**Data:**

((

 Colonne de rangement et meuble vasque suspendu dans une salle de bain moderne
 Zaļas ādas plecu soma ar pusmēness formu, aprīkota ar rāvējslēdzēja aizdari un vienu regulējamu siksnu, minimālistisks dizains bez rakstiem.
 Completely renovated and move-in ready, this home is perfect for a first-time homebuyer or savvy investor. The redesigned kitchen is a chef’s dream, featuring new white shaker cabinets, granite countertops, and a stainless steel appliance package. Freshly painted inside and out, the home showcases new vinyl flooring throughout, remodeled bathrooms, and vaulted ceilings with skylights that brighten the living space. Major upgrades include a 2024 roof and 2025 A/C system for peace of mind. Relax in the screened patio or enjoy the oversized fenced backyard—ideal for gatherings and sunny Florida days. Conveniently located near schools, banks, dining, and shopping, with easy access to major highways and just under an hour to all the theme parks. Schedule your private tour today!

))
((

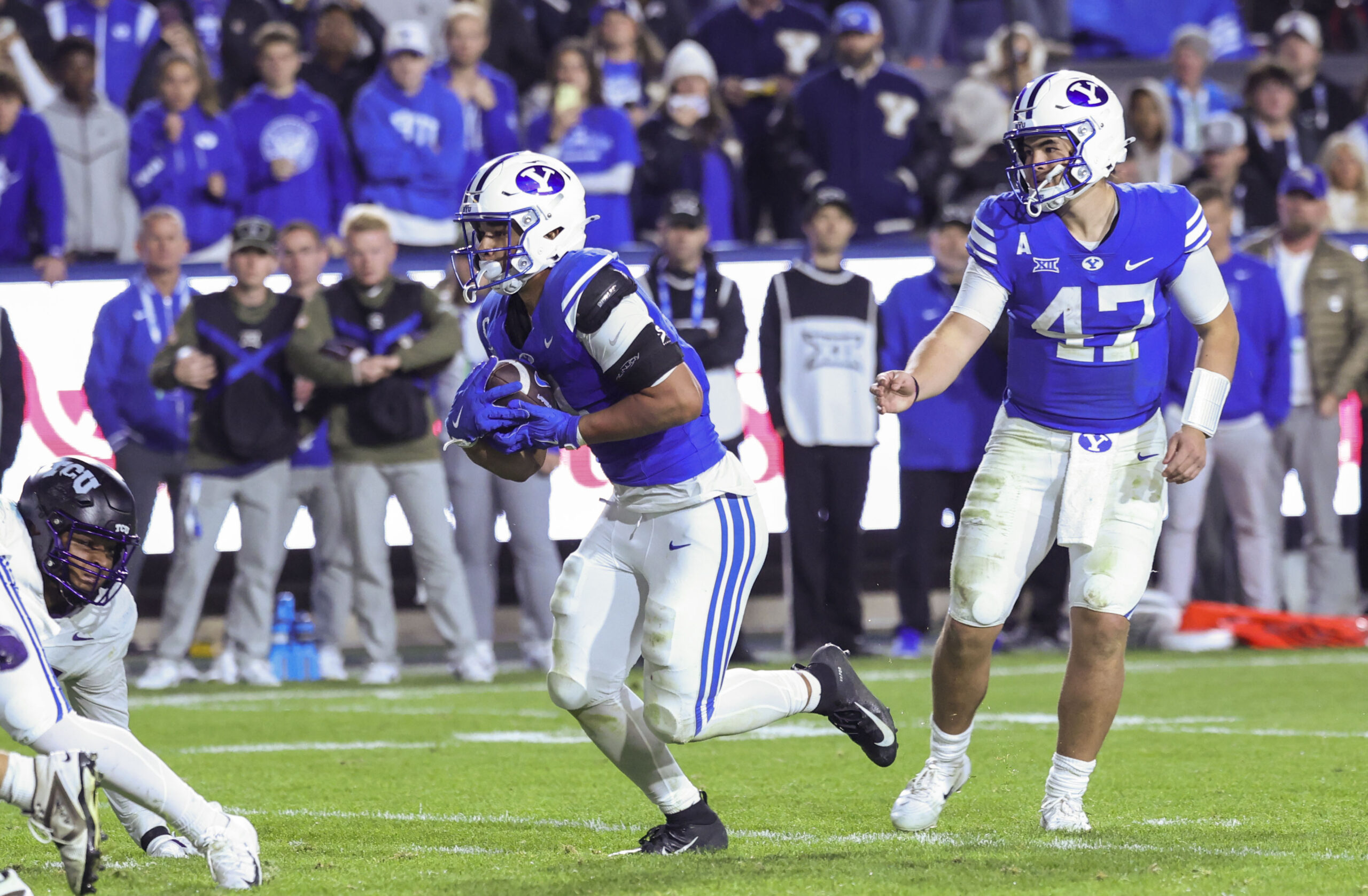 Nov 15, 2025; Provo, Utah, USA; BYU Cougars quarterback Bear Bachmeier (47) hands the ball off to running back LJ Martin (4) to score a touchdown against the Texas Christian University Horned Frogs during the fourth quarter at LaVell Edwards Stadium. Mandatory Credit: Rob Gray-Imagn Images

))

**Directions for this task:** Return exactly, and only, the lines above starting at the line that contains "Colonne de rangement" and ending at the line that contains "Zaļas ādas plecu".

**Result below:**
 Colonne de rangement et meuble vasque suspendu dans une salle de bain moderne
 Zaļas ādas plecu soma ar pusmēness formu, aprīkota ar rāvējslēdzēja aizdari un vienu regulējamu siksnu, minimālistisks dizains bez rakstiem.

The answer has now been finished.